I had found my inner calm and it worked – the little granddaughter was looking up at me smiling as if to say; “well done Grandy, you’ve got it now”.
After that, it was all smiles, tickles and laughter with not a speck of panic in sight.
It occurred to me I didn’t need a dark, quiet room and a certain amount of time to achieve the calm that meditation gives. I had done this holding a screaming baby while The Wiggles were singing (for the three-year-old) in broad daylight in a matter of moments. It was very empowering.
I realised I could use this new found talent in any situation I found stressful because I had tapped into hidden reserves of calm that were sitting inside me all along.
The next chance I had to test this was when working on our desktop computer. Can anything make you more stressed than a computer that is vital for work but persistently breaks down? It seems every time I touch this computer there is some major issue and often just walking into the office makes me feel stressed – another thought habit I guess.

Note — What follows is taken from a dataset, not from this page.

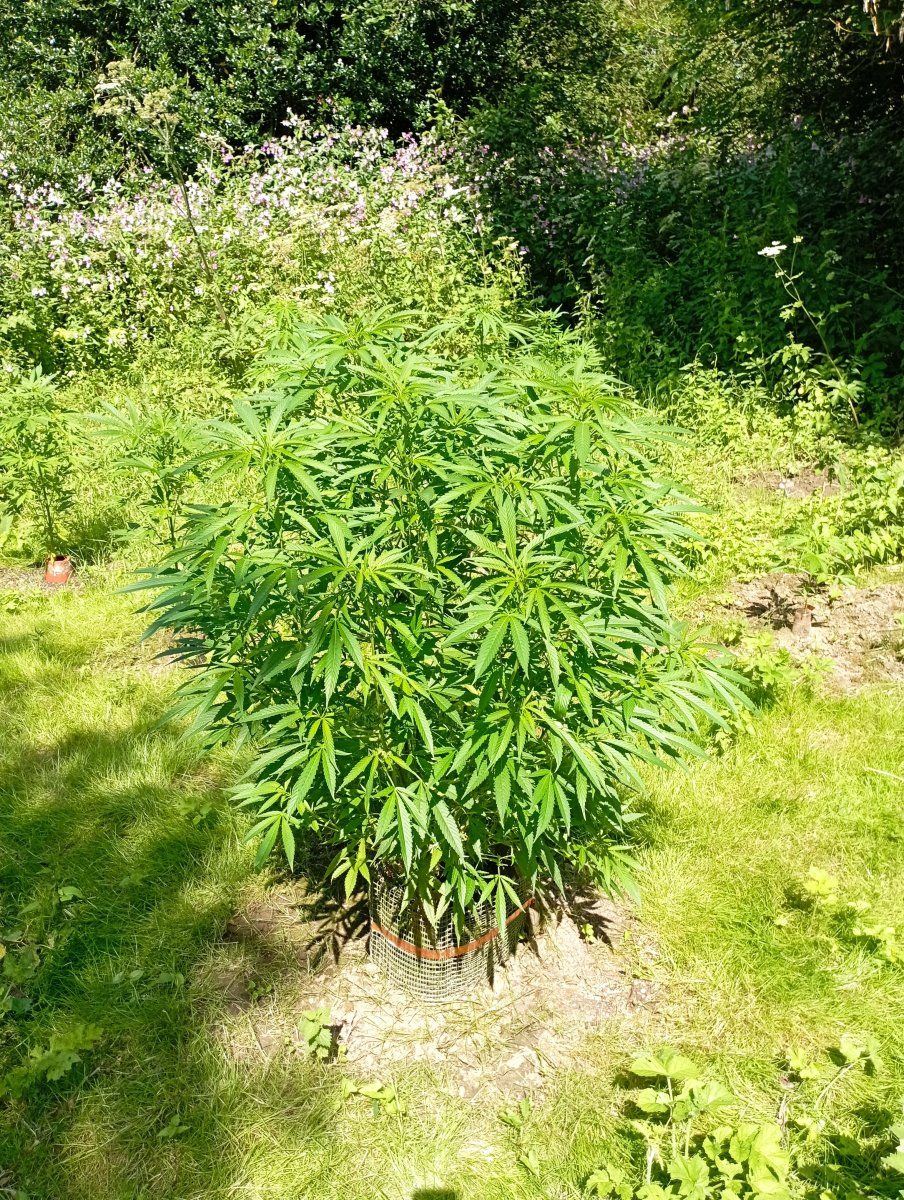 Bcr24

Anyway, the usual glitches presented themselves and instead of allowing this to destroy my mood I walked away from the computer and used my visualisation technique to feel the calm once again. I pictured that bright light, had fun turning it into calming pictures and, as it grew it gave me a warm, comforting feeling and I was once again tapping into my inner reserves of calm.

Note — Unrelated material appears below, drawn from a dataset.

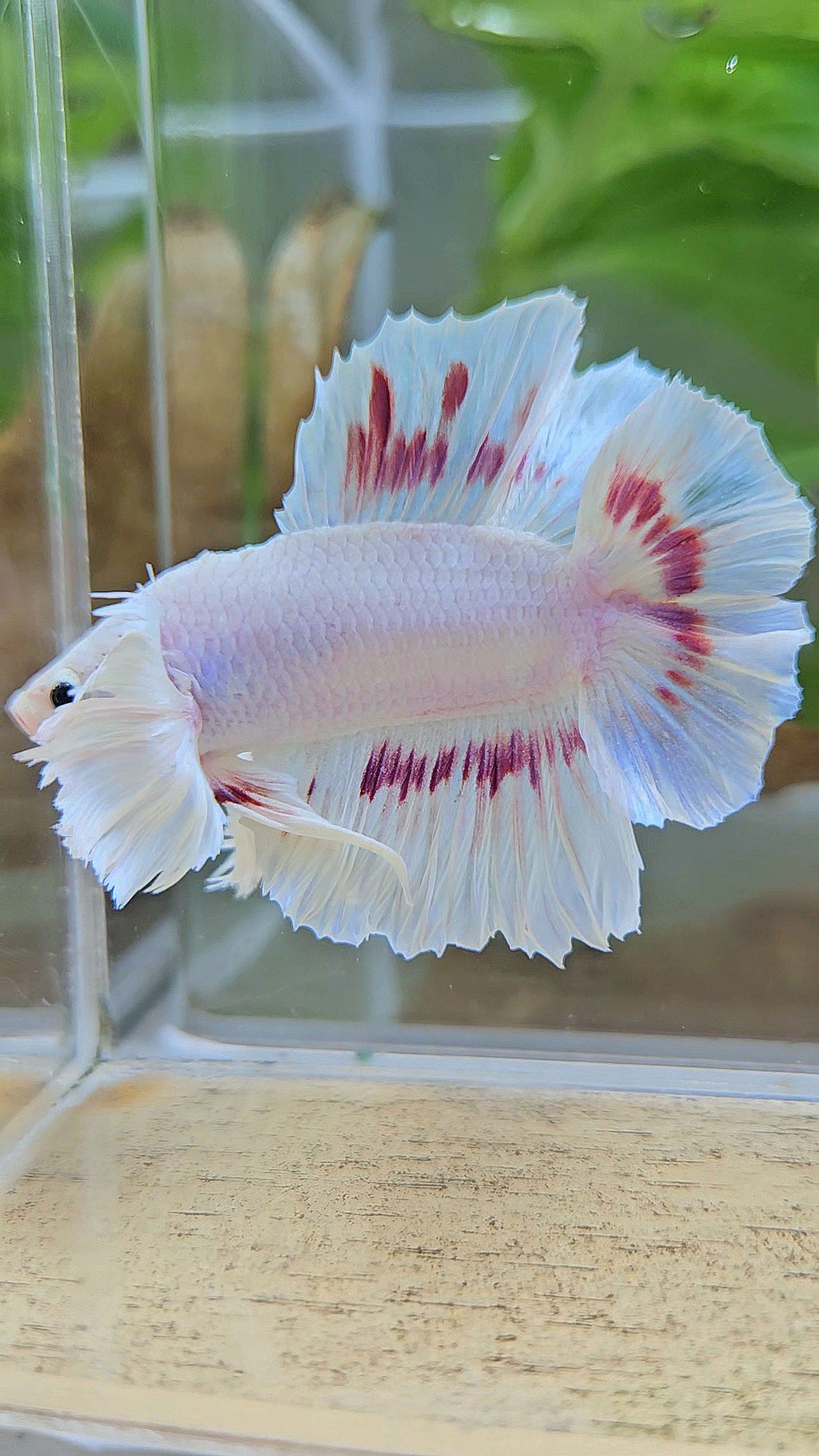 PLAKAT DUMBO EAR DOUBLE TAIL WHITE PURPLE PATTERN BETTA FISH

I was tested yet again shortly afterwards when this site broke down. Bloggers will understand the term ‘white screen of death’ – sounds scary doesn’t it? It’s when no one, including you, can access your blog.
While something like this would normally send me into a panic, I knew I couldn’t afford this as I was having a playdate with two of the Goddesses.
With that thought, the beautiful little face of my baby Goddess – the one where she seems to be saying ‘well done Grandy’ came to mind and I immediately felt calm – a new thought habit.
There are sure to be more stressful situations to challenge me and maybe times when I let fear and panic take control before I remember my inner reserves. But for now, I am grateful to the baby who, without saying a word, helped me find my calm.
All the same, if you tell me to ‘chill out’ I may have to hit you. 🙂
Wishing you serenity and a gleeful week, Tamuria.